# Exercise aim:
Repeat the whole listing below precisely. Omit all pictures.

# Source material:
══════════════════════════════
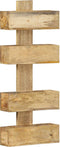 vidaXL - Tijdschriftenwandrek - 30x11x72 - cm - massief - mangohout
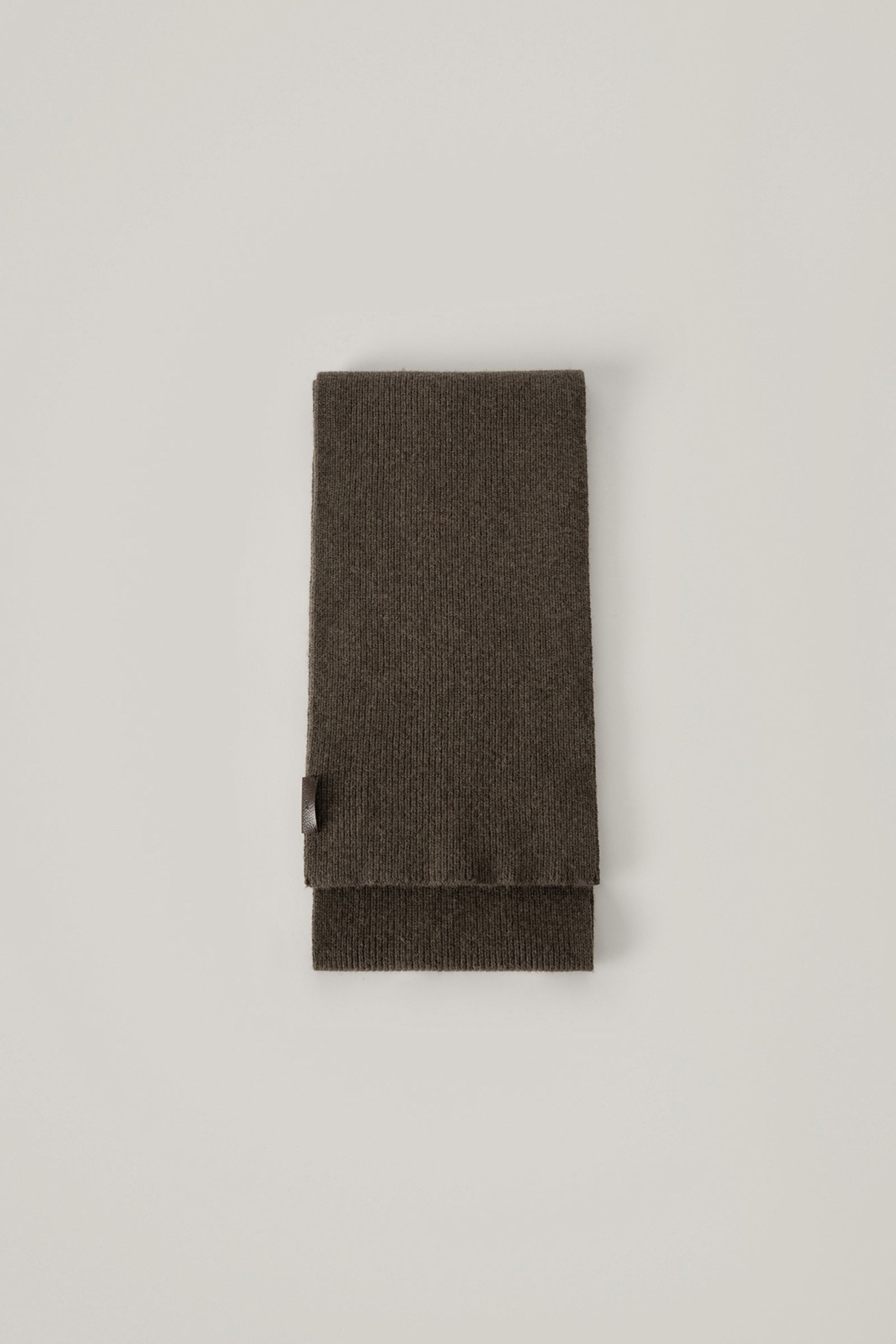 BASIC WOOL SCARF_BROWN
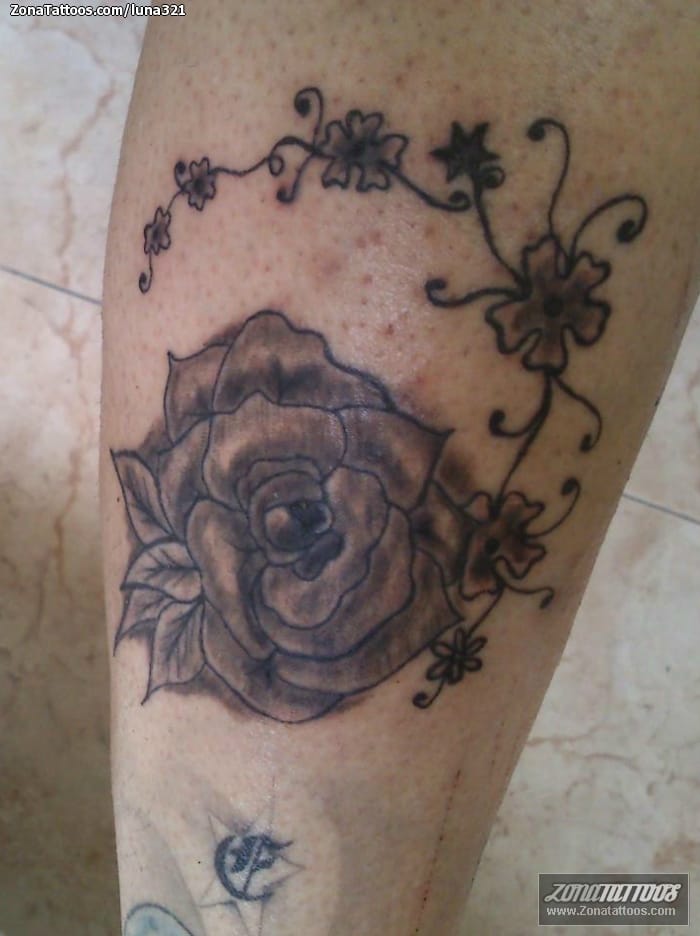 Tattoo photo Flowers, Roses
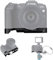 JJC Metal Hand Grip for Canon EOS R8 EOS RP Camera, Arca-Type Quick Release Plate, Replaces Canon EG-E1 Handle,Black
══════════════════════════════
# The completed task:
 vidaXL - Tijdschriftenwandrek - 30x11x72 - cm - massief - mangohout
 BASIC WOOL SCARF_BROWN
 Tattoo photo Flowers, Roses
 JJC Metal Hand Grip for Canon EOS R8 EOS RP Camera, Arca-Type Quick Release Plate, Replaces Canon EG-E1 Handle,Black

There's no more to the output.